The allowed operation is a prefix GCD reduction: choose a prefix of the array, compute the GCD of that prefix, and divide every number in the prefix by this GCD. This reduces certain numbers while keeping their factorization structured. We can do this multiple times, on different prefixes.

Constraints are moderate but non-trivial: $n$ and $m$ can go up to 5000, and array elements can reach $10^9$. This rules out naive brute-force approaches that enumerate every operation sequence or factorize all numbers repeatedly, as that could reach $O(n^2 \sqrt{a_i})$, which is too slow. The key edge cases include arrays with all identical numbers, arrays where the GCD is already 1, or arrays where all prime factors are bad. In these cases, careless handling of GCD reduction or factorization signs could produce a suboptimal or wrong beauty.

For example, consider the input:

2 1
6 15
3

The array has 6 and 15, and the bad prime is 3. The naive sum of $f(a_i)$ is $-1 + 1 = 0$. A careless approach might miss that applying a prefix GCD operation can improve beauty by reducing 6 and 15 by their GCD, which is 3, leading to a new array [2,5] with $f(2) + f(5) = 2$, which is better than the original 0. This demonstrates the subtlety of choosing the right prefixes.

Approaches

The brute-force approach is to consider every prefix, compute its GCD, divide, recompute all beauties, and try all sequences of prefix operations. Each GCD computation is $O(n)$ and factorization is roughly $O(\sqrt{a_i})$. With $n=5000$, this quickly exceeds $10^9$ operations and is unfeasible.

The key insight is that GCD operations are prefix-based and multiplicative. We can model the problem as assigning scores to each prime factor: +1 if good, -1 if bad. Then, the total beauty is additive over prime factors. Because dividing a prefix by a number removes some factors from all prefix elements, the problem reduces to computing the optimal sequence of prefix GCD divisions, which can be framed as a dynamic programming problem on prefixes.

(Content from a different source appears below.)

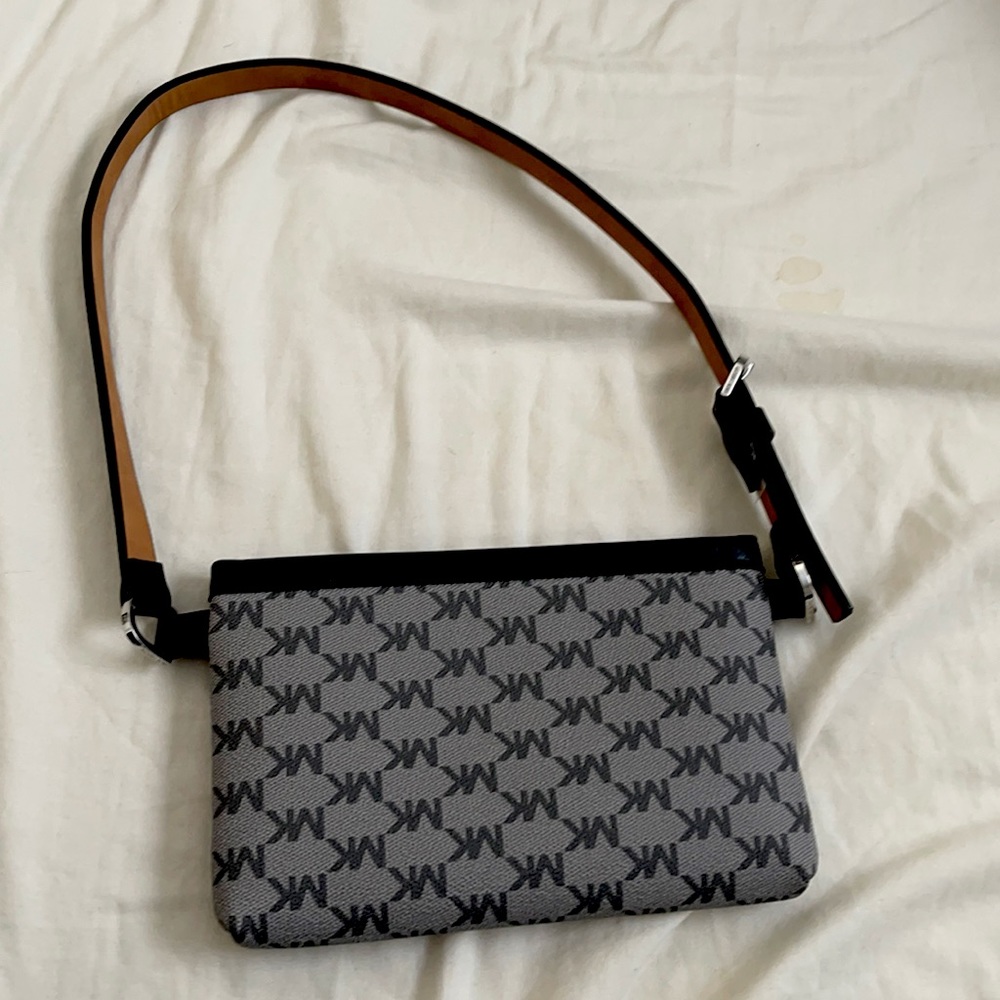 Micheal Kors clutch with shoulder strap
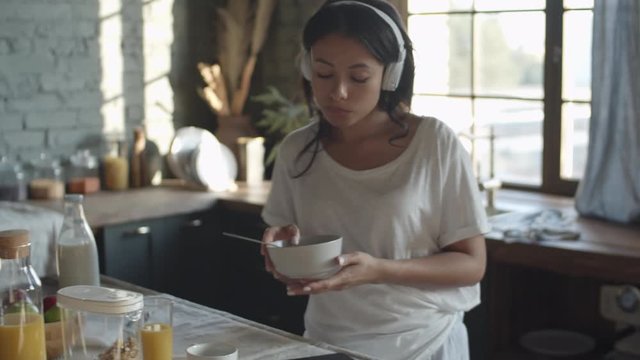 Medium shot of young mixed-race woman standing at kitchen table, eating cereals and listening to music through headphones and then starting singing using spoon as microphone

For each prefix ending at index $i$, we can track the maximum beauty achievable if we consider performing GCD divisions up to that index. Let $dp[i]$ be this value. To compute $dp[i]$, consider all previous $j < i$, compute $g = \text{GCD}(a[j+1..i])$, subtract the effect of $g$ from the prefix sum, and combine with $dp[j]$. Using the fact that prime factor contributions are additive and independent, we can precompute the score of each number via its prime factorization. Further optimization comes from factoring each number only once and using memoization for repeated divisors.

This reduces the complexity significantly, roughly to $O(n \log a_i)$ per prime factor processing, which is acceptable for $n=5000$ and $a_i\le 10^9$.

Approach	Time Complexity	Space Complexity	Verdict
Brute Force	O(n^2 * sqrt(a_i))	O(n)	Too slow
Optimal DP + Factorization	O(n log a_i) per factor	O(n)	Accepted

Algorithm Walkthrough

Precompute the set of bad primes as a lookup table for $O(1)$ queries. This lets us quickly assign +1 or -1 to each prime factor.
For each array element, factorize it into primes. For each prime factor $p$ with exponent $e$, compute the contribution $e \cdot (+1/-1)$ based on whether $p$ is good or bad. Store this as the score of the element.
Compute prefix GCDs of the array. Let $gcd[i]$ be the GCD of the first $i$ elements. This allows fast computation of the effect of dividing a prefix by its GCD.
Initialize a DP array: $dp[0] = 0$. $dp[i]$ will store the maximum beauty for the prefix of length $i$.
Iterate $i$ from 1 to $n$:

a. Set $dp[i] = dp[i-1] + score[i]$, meaning no new GCD operation.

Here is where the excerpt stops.